The real estate market in Bangkok is largely dominated by domestic buyers as various restrictions on foreign investment is ensuring that they stay away, according to a new analysis.

There were no significant income producing property transactions in Bangkok during the fourth quarter of last year and yields did not change significantly despite the increase in interest rates, as the cost of capital remained relatively low, says the latest report from global property consultants CB Richard Ellis.

‘Although there have been concerns regarding the influx of foreign capital into Thailand, the various restrictions on foreign investment ensured the real estate investment market remained largely dominated by domestic players,’ it points out.
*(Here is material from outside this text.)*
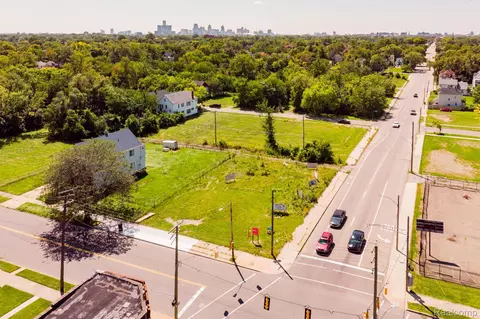 7844 E Forest Ave, Detroit, MI 48214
However, developers remained active in acquiring development sites for commercial and residential purposes. Notable deals of this type included Noble Development acquiring a 120,555 sf site on Ploenchit Road from Raimon Land for a reported THB 27,871 per square foot.

The same company bought the adjoining 49,169 sf site for a reported THB 34,839 per square foot from Thai Summit Estate. The price paid for the Thai Summit Estate site was just below the record breaking amount that Sansiri paid for a nearby site in the third quarter.

Other developers were also active in acquiring sites in central and midtown locations with Land & Houses and Rojana both acquiring development sites for residential purposes.
The market for smaller sized condominiums remained buoyant but sales of medium to large apartments slowed in the fourth quarter. The market for one bedroom condominiums has been expanding rapidly with a significant number of launches and construction starts in the second half of 2010.

The segment may be slowing however as buyers perceive that there is a high volume of supply being completed and there is the likelihood of future interest rate hikes.

‘Although there is end user demand for smaller condominiums near the city centre from a new generation of Thai buyers, a portion of the buyers are  buy to rent investors who will be affected by any increases in interest rates,’ the report says.

The capital market turned more active during the second half of 2010 with a total of five new property funds held for initial public offering on the local bourse. These included the US$27.5 million 5-star hotel of the Mercure Samui Property Fund (MSPF), the three office buildings of the Thai Commercial Investment Fund (TCIF) worth a combined US$65.2 million, the US$59.98 million 20-year leasehold agricultural market of the Talaad Thai Leasehold Property Fund (TTLPF), the US$134 million leasehold hotel and two freehold hotels of the Dusit Thani Property Fund (DTCPF), and the two warehouses and factory of the MFC-WHA Premium Factory and Warehouse Property Fund (M-WHA) worth US$42.75 million.

The second half of 2010 saw the Bank of Thailand raise the policy interest rate three times by a total of 50 bps. The Bank also announced mild measures to cool the property market by decreasing LTV’s for condominiums to 90% and LTV’s for houses to 95%. However, the move did not have any major negative impact on the property market, it concludes.